(Stored data)
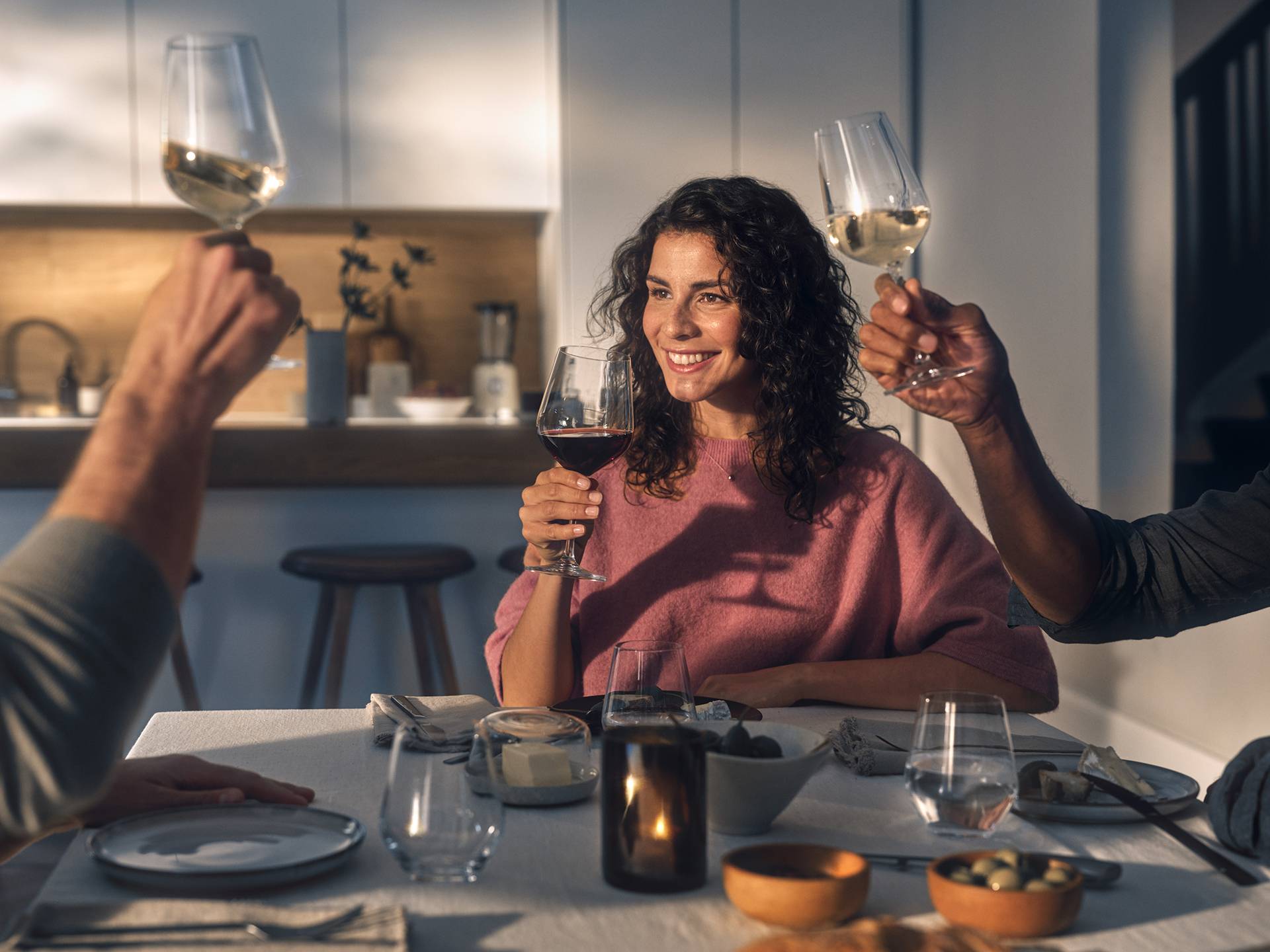 Friends toasting with wine glasses at a dinner table with food and candles.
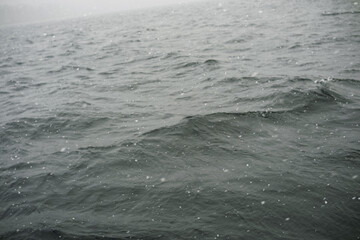 Dark gray water surface with small waves and falling snow flakes
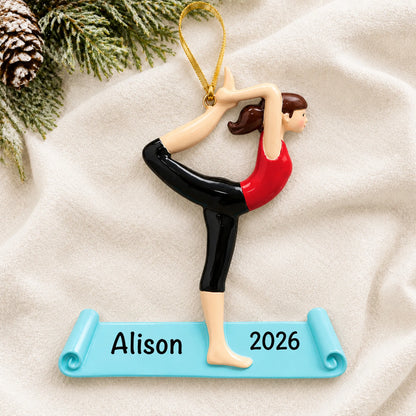 Personalized yoga christmas ornament laid on a soft white knit blanket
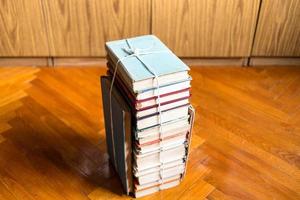 above view of stack of old books tied with twine photo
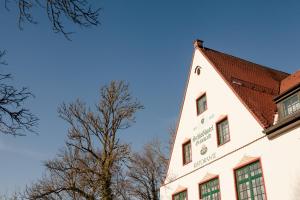 グリューンヴァルトにあるSchlosshotel Grünwaldの赤い屋根と木の白い建物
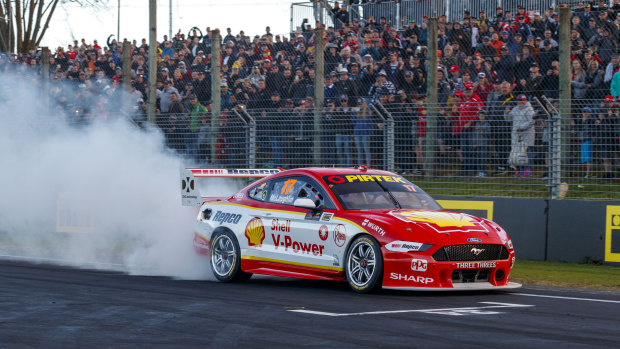 In a spin: Scott McLaughlin celebrates his record-breaking 17th win of the season in front of race fans.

> _What you have to do_
In your copy, exclude the pictures and repeat each entry above exactly.

> _The answer_
 Friends toasting with wine glasses at a dinner table with food and candles.
 Dark gray water surface with small waves and falling snow flakes
 Personalized yoga christmas ornament laid on a soft white knit blanket
 above view of stack of old books tied with twine photo
 グリューンヴァルトにあるSchlosshotel Grünwaldの赤い屋根と木の白い建物
 In a spin: Scott McLaughlin celebrates his record-breaking 17th win of the season in front of race fans.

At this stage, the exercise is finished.